Book Review: The Ninth Daughter

Synopsis according to GoodReads:
"1773: The Massachusetts colony is torn between patriots who want independence from British rule and loyalists who support the King. At the center is the educated and beautiful Abigail Adams, wife of John Adams, the leader of the Sons of Liberty, a secret organization opposing the Crown.

When a murder occurs in the home of their friend and fellow patriot, Rebecca Malvern, John is accused of the gruesome crime, which was seemingly perpetrated to obtain a secret Sons of Liberty document. With both her husband's good name and the fate of the Sons of Liberty at stake, Abby must uncover a conspiracy that could cost them all their freedom, and their lives."

The Ninth Daughter surprised me. I expected an interesting cozy-style mystery with a fictionalized version of Abigail Adams, John Adams' wife. But this was an interesting balance between well-researched historical fiction, and serial killer murder mystery. 

I did not figure out who did it before Abigail Adams did, which worked just fine since she solves this crime (and others, in this series, apparently) through curiosity, intelligence, and knowing her community. At a time when crimes (especially done to the lower classes) were ignored for the sake of the politics involved, this unlikely detective-type heroine fits perfectly.
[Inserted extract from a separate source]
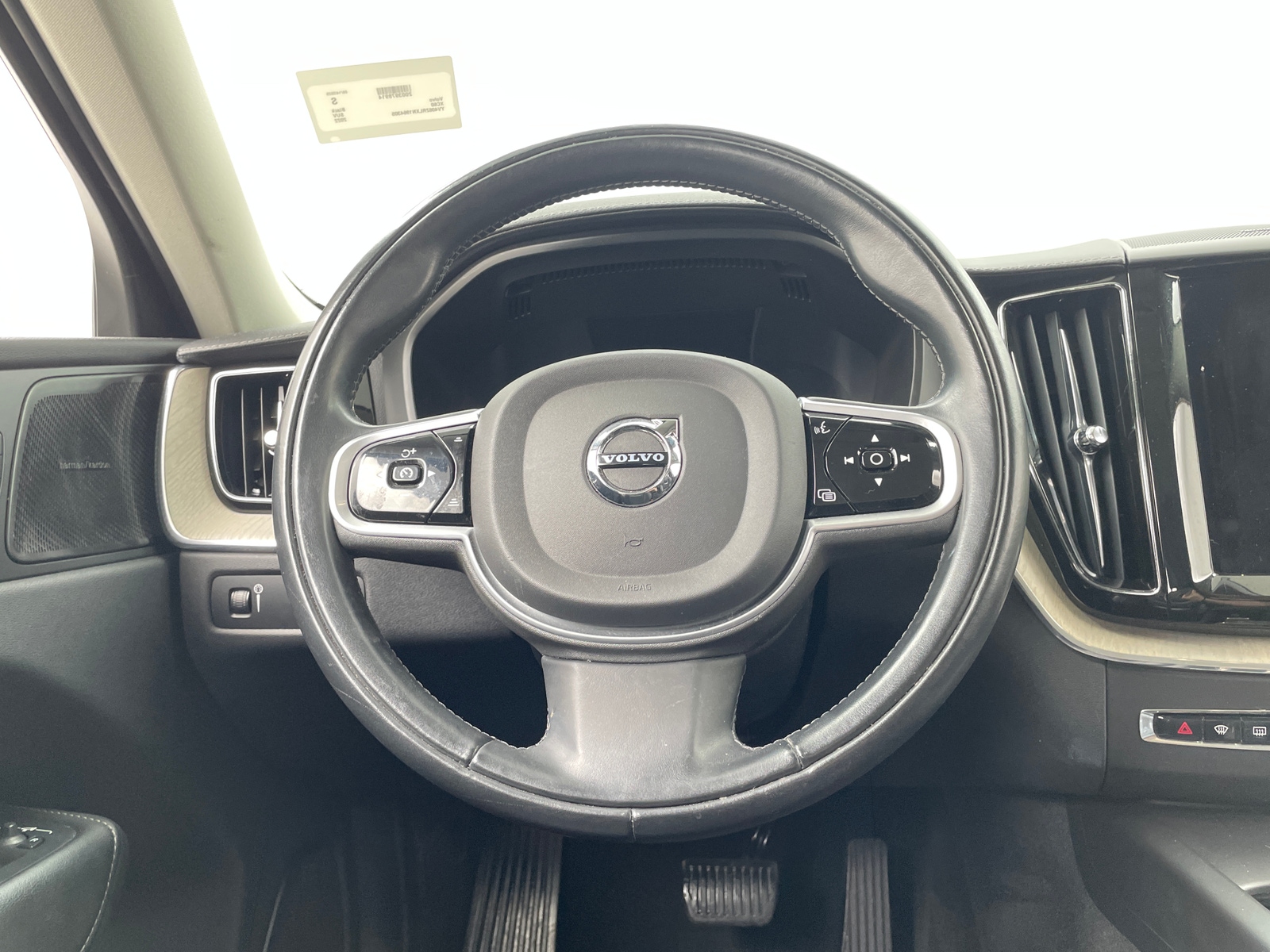 Thumbnail: 2022 Volvo XC60 - 4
But where this book truly shines is in its historical aspects. Hamilton has managed to bring to life the Puritan work ethic, the active role of Christianity in the lives of the folk of Boston (and the Protestant vs Catholic feelings of the time), the role and responsibilities of women (holy carp, I would never have lasted), and the tense political situation overlaying (and complicating) everything.

It never felt like a lecture, but neither did Abigail feel too distant from modern sensibilities to relate to. She's curious, compassionate, frustrated, and has a mounting pile of housework to do. She loses her patience, banters with her husband, tries to keep from gossiping, and recognizes that what is good isn't always what is right (and vice versa).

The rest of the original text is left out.